HE WAS ALSO A SCIENTIST! *


*pretty much.

Here's the story...

While Van Gogh was in an asylum in France (after he mutilated his ear during a psychotic episode *)...



...he was able to capture one of science's most elusive concepts:


*~TURBULENCE~*


Although it's hard to understand with math (like, REALLY HARD), it turns out that art makes it easy to depict how it LOOKS.


So what is turbulence?

Turbulence, or turbulent flow, is a concept of fluid dynamics where fluid movements are "self-similar" when there's an energy cascade — so basically, big eddies make smaller eddies, and those make even smaller ones ... and so on and so forth.

It looks like this:


See? It's easier to look at pictures to understand it.

Thing is, scientists are pretty much *just* starting to figure this stuff out.


Then you've got Van Gogh, 100 years earlier, in his asylum, with a mutilated ear, who totally nailed it!

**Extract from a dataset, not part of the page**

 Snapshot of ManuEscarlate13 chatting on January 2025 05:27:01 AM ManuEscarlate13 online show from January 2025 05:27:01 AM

The folks who noticed Van Gogh's ability to capture turbulence checked to see whether other impressionists did the same. Most impressionists achieved " luminance" with their art (which is the sort-of *pulsing* you see when you look at their paintings that really shows what light looks like).

But did other artists depict TURBULENCE the way Van Gogh did?

NOPE.


Not even "The Scream" could hold a candle to Van Gogh!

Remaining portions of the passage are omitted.